#### GIVEN DATA:

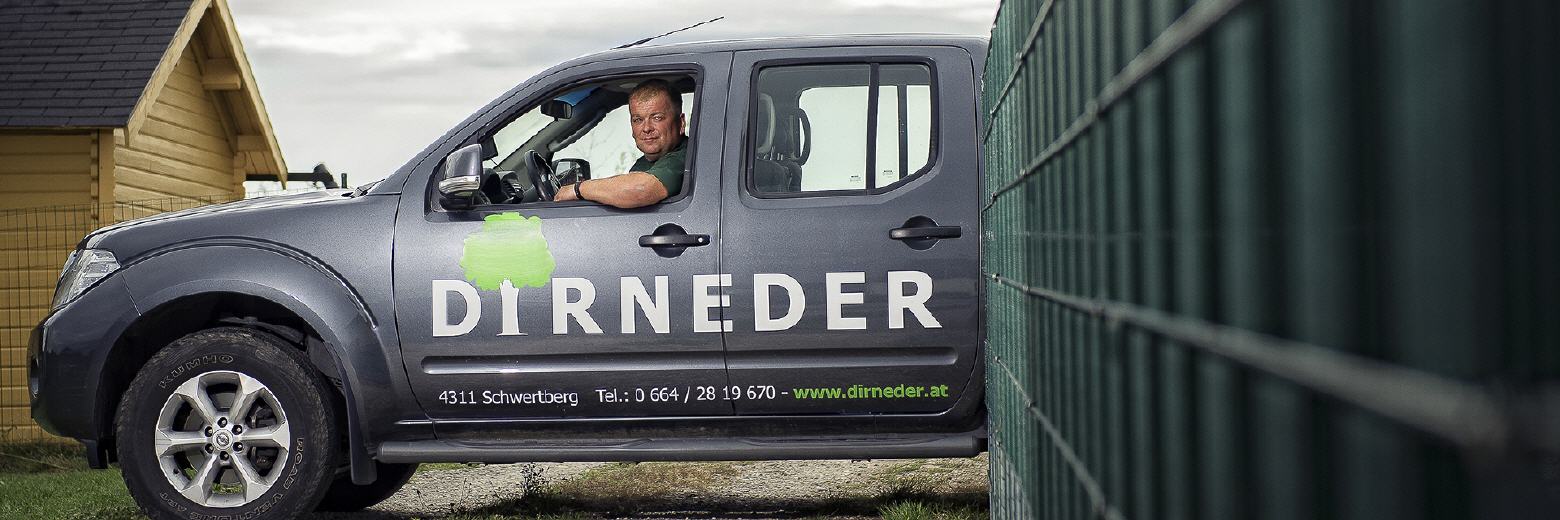 Dirneder KG 4311 Schwertberg www.dirneder.at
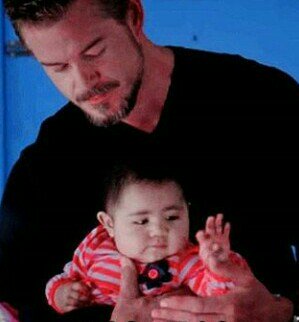 greyysdream's tweet photo. Mark Sloan era um hino de pai 💙 https://t.co/ZjzWwjZqYG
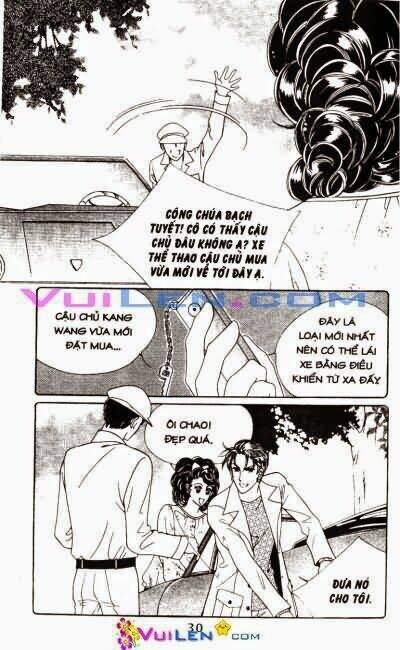 ảo vọng tình yêu chapter 3 - Trang 30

#### WHAT THE TASK ASKS:
Your answer should be every line above, written out exactly, with no pictures.

#### ANSWER BOX:
 Dirneder KG 4311 Schwertberg www.dirneder.at
 greyysdream's tweet photo. Mark Sloan era um hino de pai 💙 https://t.co/ZjzWwjZqYG
 ảo vọng tình yêu chapter 3 - Trang 30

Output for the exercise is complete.